Each month, Sparkology.com, a quality-driven, luxury dating site for young professionals, asks a curated panel of dating experts for their advice on a single hot topic as requested by our members.
THIS MONTH: “Is there a good way to say ‘Thanks, but I’m not interested’ to someone that messaged you? How can you respond without making it awkward?”
Check out how the dating experts responded after the jump.
“In online dating world, even moderately attractive or seemingly successful members are showered with adoration as if they were celebrities. Saying “no thanks” to every person who happens to wink your way seems rather tedious. If you’re not interested, just don’t respond. You don’t know them personally, and you’re certainly not the only one they probably copy/pasted that message to. Love is a crap shoot. Users should focus more on attracting other members of similar core values rather than coddling those they’re just not that into.” — Maria Avgitidis, Owner of Agape Match, a matchmaking firm based in NYC, which caters to New Yorkers and Greek- American singles.
“First rule of thumb: Always be gracious and honest! No need for lies and avoidance. If you’ve had a date or met in person: ’I really enjoyed meeting you and think you’re terrific, but I just don’t think we have that chemistry/connection that I know we’re both looking for. I wish you all the best and appreciate the time we spent getting to know one another.’” — April Beyer, Matchmaker and Dating & Relationship Coach for Women.
“You should always treat others, as you would like to be treated yourself. While this sounds so cliché, it definitely applies in this situation. Never ignore someone. It’s always best to just be up front and honest with them in a nice way. Start off with saying something positive (i.e. s/he is really a great person, has a lot going for him/her, etc.), and then just say that you don’t feel there was a connection or chemistry. While his/her ego may be bruised initially, trust me in the long run s/he will appreciate and respect you for it, because you didn’t leave him/her hanging.” — Suzanne Oshima, Matchmaker & Dating Coach at Dream Bachelor & Bachelorette.
“You’re great but I can’t see us as more than friends. Who knows maybe we can hook up our friends and see what happens! I have some hot single ones.” — David Wygant, Dating Coach.
“There is no “good” way, because you can’t control how another person will feel. So either say nothing (you don’t even know this person – you are not obligated to respond), or simply say, ‘I don’t think we’re a match, but thanks for the email.’ I think it’s important to note, though, that rejection can be a good thing! If I hadn’t been told ‘I’m not interested’ by various men I’ve liked over the years, I wouldn’t have found the love of my life. I owe all those men a huge ‘thanks, I’m GLAD you weren’t interested!’” — Neely Steinberg, dating and relationship columnist.

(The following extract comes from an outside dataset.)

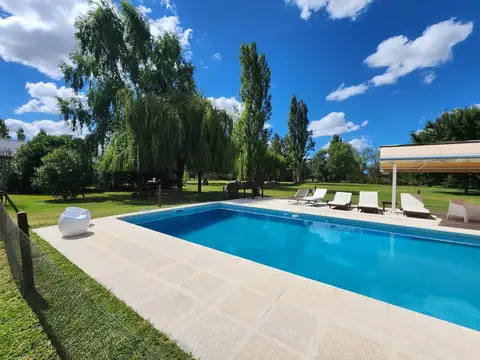 Venta Casa 4 ambientes - Campos de Roca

“Don’t break up with someone before you’ve even said hello. Unless your match writes a particularly long and thought-out message based on your profile, there’s no need to respond. Engaging in conversation brings false hope and opens the door for a negative conversation about why you’re not interested. If you do feel the need to respond, keep it simple: thank, decline, wish well. Thank them for the message, mention you don’t think that you’re the right ‘match,’ and of course, end by wishing them well.” — Laurie Davis, Online Dating Coach and founder of EflirtExpert.